Enough time has passed since the ill-fated attempt by Philippine Sen. Antonio Trillanes IV to take over the Manila Peninsula Hotel, to figure out whether it was just a pointless adventure, or a sign of things to come. This isn’t to say that both Trillanes’ objectives and those of the government in nipping his efforts in the bud, don’t remain murky — they do.

Trillanes walked out of a trial, and, unmolested by his guards (who ended up accompanying him) holed up in a luxury hotel and called for the soldiery and the public to withdraw their support from the Arroyo administration.

Whether he genuinely believed people would come out in the streets to answer his call, or whether it was a ploy, with his real objective (and expectation) being that his call would trigger defections in the armed forces, remains a hotly-debated topic.

It’s been argued that Trillanes had an agreement with the Arroyo administration’s former economic planning chief, Romulo Neri, who made the administration’s knees buckle earlier this year by revealing a controversial deal with China had been accompanied by bribe-taking and giving by Filipino officials, including the country’s elections chief (who subsequently resigned).

He stopped short, however, of repeating under oath what he supposedly told confidantes: that President Arroyo, upon being informed of the bribery, had told him to ignore it and then pressured Neri to approve the deal as she was due to go to China to sign it.

Trillanes, according to this version of events, was expecting Neri to join him in the hotel and finally state what he’d so far refused to say in public. The motivation for Neri being that he resisted pressure to make his revelations before the Senate, because he didn’t want the government brought down, only for it land in the laps of opposition politicians.

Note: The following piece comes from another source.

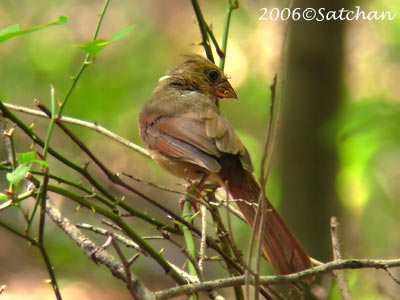 Northern Cardinal Imm01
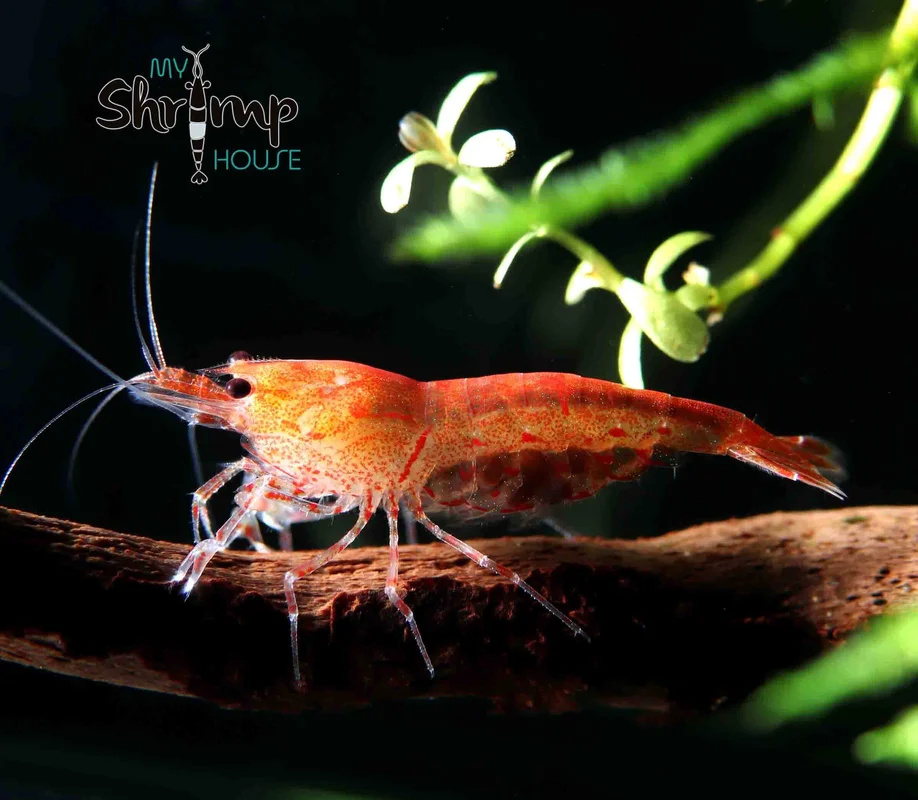 myshrimphouse839945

But if that was truly the case, Neri did to Trillanes what he did to those who’d counted on his telling all before the Senate: he betrayed those expecting him to spill the beans.

Instead, it seemed for a time that what would happen is that Trillanes’ brains would end up splattered on the walls of the hotel. However, defiance on the part of members of the Philippine media meant the government’s police forces were unable to move with impunity. It was, however a pyrrhic victory for the media, even if it assumed it had not only asserted press freedom, but prevented a bloodbath. Public opinion firmly condemned the uncooperative media. Just as public opinion was generally hostile to Trillanes, and provoked serious disagreements on his conduct even within opposition circles.

Readers will recall that two years ago in this column (“Who Will Use the Filipino Soldiers First?” December 14, 2005), I pointed out, “But one thing is sure: Months into the ongoing political crisis in the Philippines, the specter of a resolution through military intervention won’t go away. It seems a race is on to see who will get to use the soldiers first, and is not even a question of who can achieve a resolution without bringing out the bayonets.”

It came to pass in February, 2006 and came to pass again last November 29.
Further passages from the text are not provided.